What this task involves:
Beneath this task are records; print exactly the stretch of them from the line with "Kia K8 3.5 LPG" through the line with "Judiska norra begravningsplatsen", both ends included.

*** Opening Entries supplied ***

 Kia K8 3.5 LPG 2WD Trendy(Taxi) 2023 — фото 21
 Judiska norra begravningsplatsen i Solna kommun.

*** Closing Entries supplied ***
*** Opening Entries supplied ***

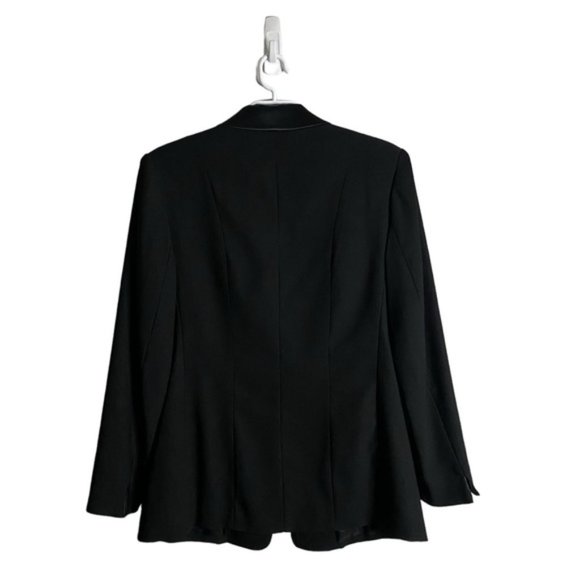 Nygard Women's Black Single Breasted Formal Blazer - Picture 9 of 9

*** Closing Entries supplied ***

Solution:
 Kia K8 3.5 LPG 2WD Trendy(Taxi) 2023 — фото 21
 Judiska norra begravningsplatsen i Solna kommun.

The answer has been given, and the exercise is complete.